Gli studi di registrazione per questa prima edizione del programma saranno quelli di Milano (sede di Telelombardia/Antenna 3 Lombardia) e San Biagio di Callalta (sede di Antenna 3 Nordest). Chiaramente sarebbe impossibile mandare un nostro operatore da ognuno dei cori partecipanti alla prima fase. Le registrazioni saranno in studio, ma siamo pronti a elaborare i video che i cori vorranno inviarci nel caso abbiano al loro interno persone in grado di realizzare brevi clip, anche con cellulari. È nostra intenzione, in accordo con Feniarco, fare di questa trasmissione un appuntamento fisso nei palinsesti, magari coinvolgendo alte emittenti in futuro. Stiamo pensando già a una o due giornate di formazione in cui i nostri tecnici potrebbero fornire agli appassionati di video proposti dai vari cori gli strumenti per realizzare in autonomia materiali audiovisivi che potranno servire loro non solo per il nostro programma, ma anche per la loro attività social. Comunque per le fasi finali è previsto che le nostre troupe raggiungano i cori partecipanti per realizzare immagini là dove provano, vivono, hanno i loro amici e i loro fan.
In quali elementi riconosce il potenziale televisivo specifico dei cori?

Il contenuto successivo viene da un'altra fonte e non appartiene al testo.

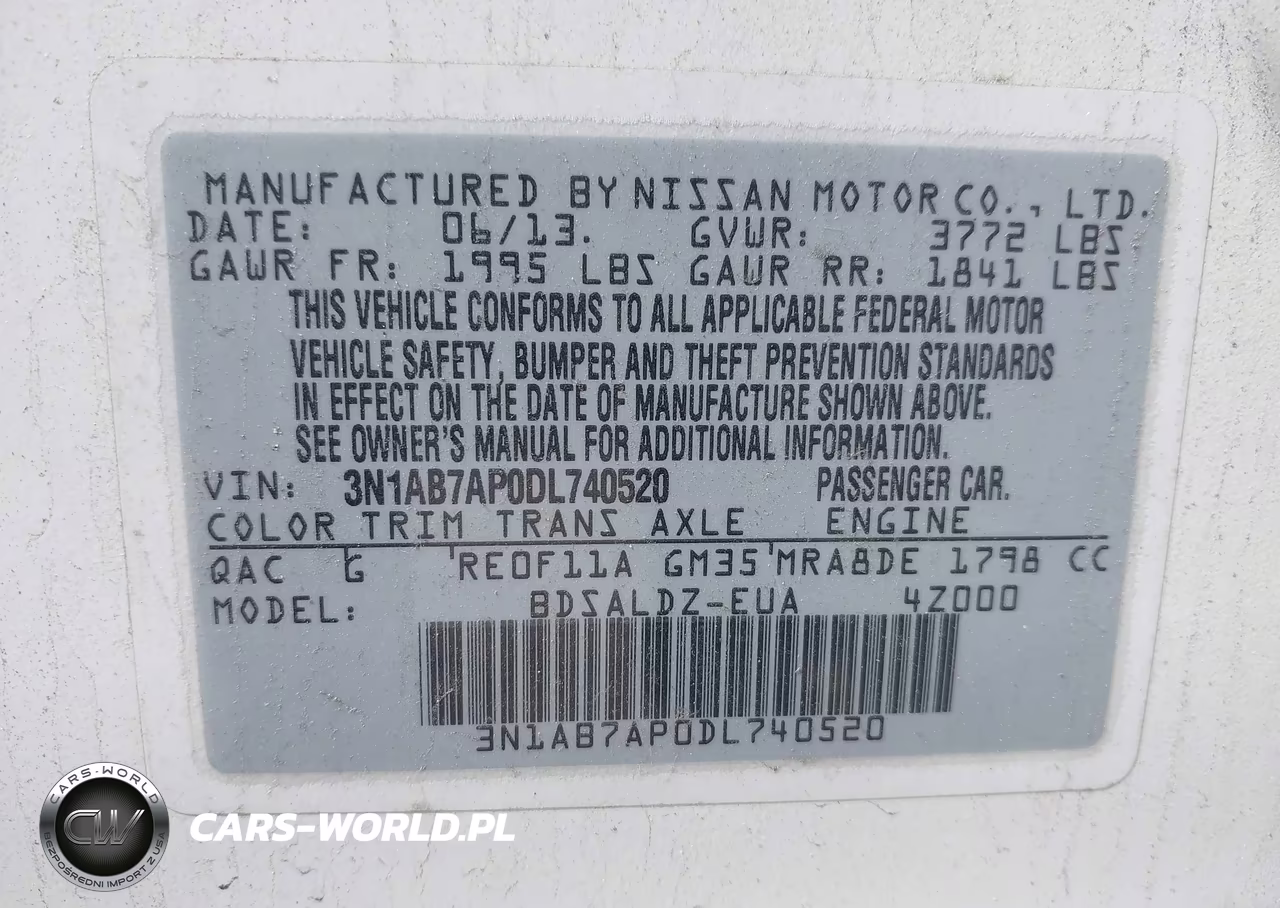 2013 Nissan Sentra Sv VIN:3N1AB7AP0DL740520 - 9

Ce ne sono almeno tre. In primo luogo il coro è rappresentativo del territorio in quanto autobiografia collettiva. Quindi il coro è un prisma per raccontare in modo spettacolare ma rispettoso i paesaggi umani del nostro Paese. In secondo luogo vediamo i cori come una forma di aggregazione moderna – non datata – anzi proiettata nel futuro per la sua capacità di integrare le persone (in senso geografico e anagrafico) oltre le ideologie e le parole al vento. Il coro è un esempio concreto di integrazione nei fatti, attraverso la musica. L’elemento intergenerazionale mi affascina molto ed è poco raccontato, in generale. Forse riguarda soprattutto i piccoli centri. Nelle grandi città è molto raro che un giovane frequenti gli stessi luoghi dei più anziani. Andando a prove insieme si scambiano due parole, che diventano poi consigli e confidenze, in uno scambio oggi sempre più raro. Per questi motivi siamo convinti che il nostro nuovo programma sarà una doppia occasione di incontro: tra i cori stessi, tra i cori e la loro gente che vedendoli su televisioni di macroregioni con diffusione nazionale li guarderà con occhi nuovi, tra i cori e un pubblico che senza dubbio imparerà ad amarli. In questo senso sono sicuro che l’elemento competitivo, seppure importante, non sarà l’unico motivo di interesse, e che le storie e le persone che racconteremo saranno più importanti del risultato finale. Parafrasando un celebre film, siamo sicuri che ogni coro, dopo la puntata che gli è stata dedicata potrà dire «stasera ho vinto anch’io».